Valentin n’a rien vu à Madagascar
27 juillet 2017 - À lire Cultures Livre du mois LivresNo Comment   //   2049 Views   //   N°: 90

Ce roman ne devrait pas avoir sa place ici. Raymond Queneau n’a pas la réputation d’avoir cultivé des liens avec notre île. Mais le personnage principal du Dimanche de la vie, le soldat Brû, prénom Valentin, est rentré récemment de Madagascar où il a passé cinq années.

Pourquoi Queneau, dans un livre publié en 1952 et qui se passe en 1937, fournit-il cette expérience à son héros ? La réponse se devine dans un dialogue avec Brodouga, ou Botucat, ou Bredouillat, ou Bodrugat, ou peu importe, son nom change tout le temps. Appelons-le Paul. Il s’intéresse, devant un vin blanc gommé, à la « campagne » que fit Valentin à Madagascar. Oui, répond le soldat : « Contre les Hain-Tenys Merinas. »

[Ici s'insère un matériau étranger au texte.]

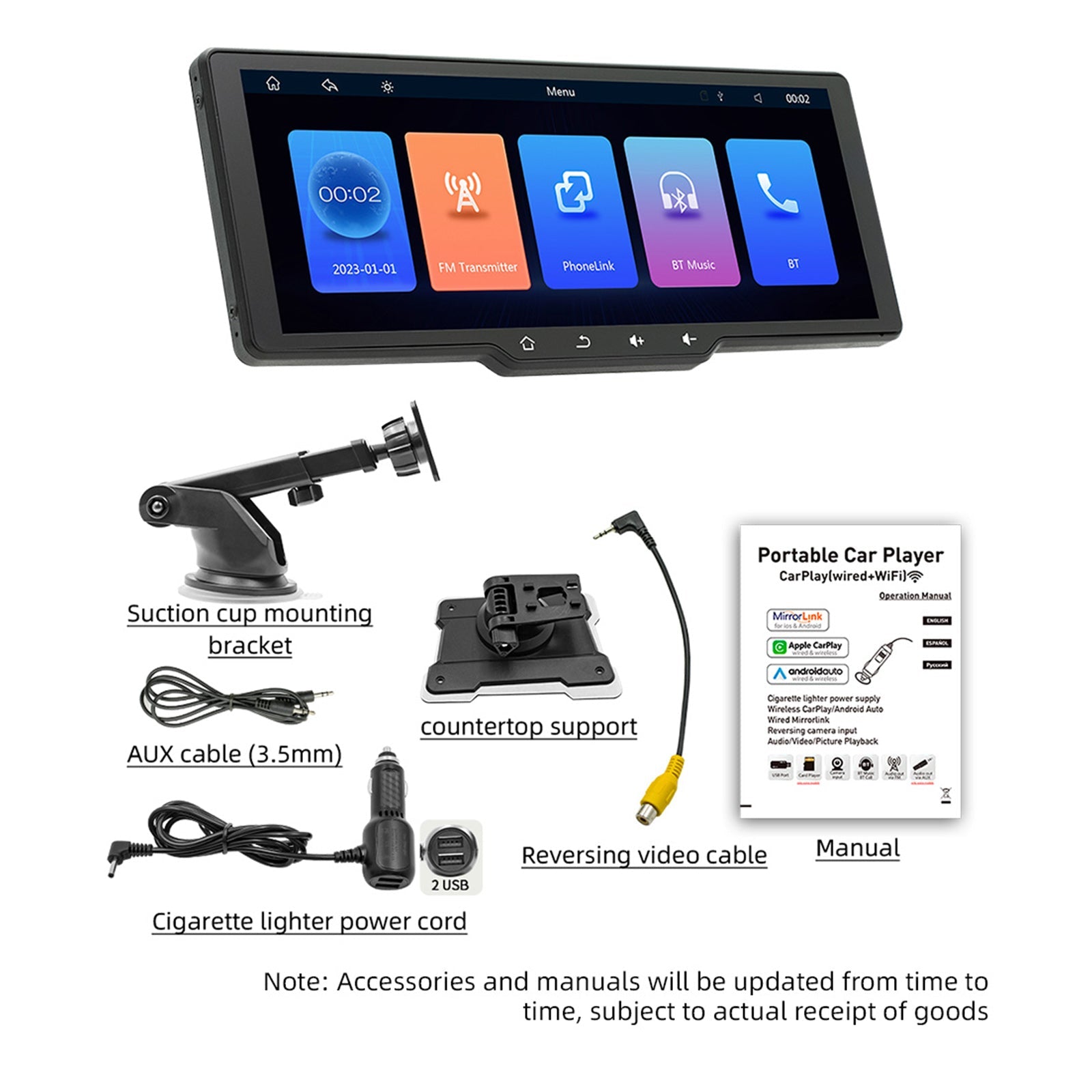 10.26" Screen Portable Wireless Carplay Car Bluetooth MP5 Player + 4 LED Camera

Hain-teny ? Merina ? Il y a là-dessous du Jean Paulhan, qui avait publié en 1913 des traductions de ces textes et que Raymond Queneau fréquentait chez Gallimard, leur éditeur et employeur commun.

L’ennemi désigné ne ressemble à rien de connu. En revanche, le clin d’œil amical est une évidence, à condition de l’apercevoir au milieu de la fantaisie de Raymond Queneau.

En cinq ans, Valentin n’a cependant pas appris grand-chose du pays où il a séjourné. Sur sa beauté, la platitude du commentaire est exemplaire : « Pas mal. Plutôt montagneux. » On note aussi la présence d’indigènes : « Ça, pour en avoir, il y en a. » Et les plantes ? « Beaucoup sont exotiques, dit Valentin. » A l’Exposition universelle qui se tient cette année-là à Paris, Valentin est bien sûr allé voir le pavillon de Madagascar, « mais je n’ai rien reconnu. Je me demandais même si j’y avais jamais fourré les pieds. » Ce qui n’empêchait pas les personnes qui l’accompagnaient de lui poser des tas de questions. « Par exemple, quelle est la différence entre un sakalave et un hova. Tu sais ça, toi ? » Pas lui…

Plus tard, une histoire lui revient, malgré tout :
« — À Madagascar, dit Valentin brusquement, on replante les morts.
— Quoi ? Firent les trois autres.
— On les enterre, dit Valentin, et puis au bout d’un certain temps on les tire de là et on va les enterrer ailleurs.
— Quels sauvages, dit Julia. »

Dans le roman, Madagascar est un espace aussi présent qu’absent. Valentin y revient sans cesse, ou on l’y ramène en tentant de lui faire raconter ce dont au fond il ne sait rien. C’est un point de repère, mais aussi flou que l’avenir. Valentin se verrait bien balayeur. Il trouve mieux : une mercière en quête de mari, qu’il épouse en même temps que la boutique. Les discours d’Hitler font craindre une nouvelle guerre, Valentin n’est pas mauvais en prédictions. Et, tandis que Queneau dynamite le langage à sa manière, unique, les personnages s’agitent comiquement dans leur bocal, endossant les rôles que les hasards de la vie leur prêtent.

Raymond Queneau, Le dimanche de la vie. Gallimard, « L’Imaginaire », 280 p., 9,50 €.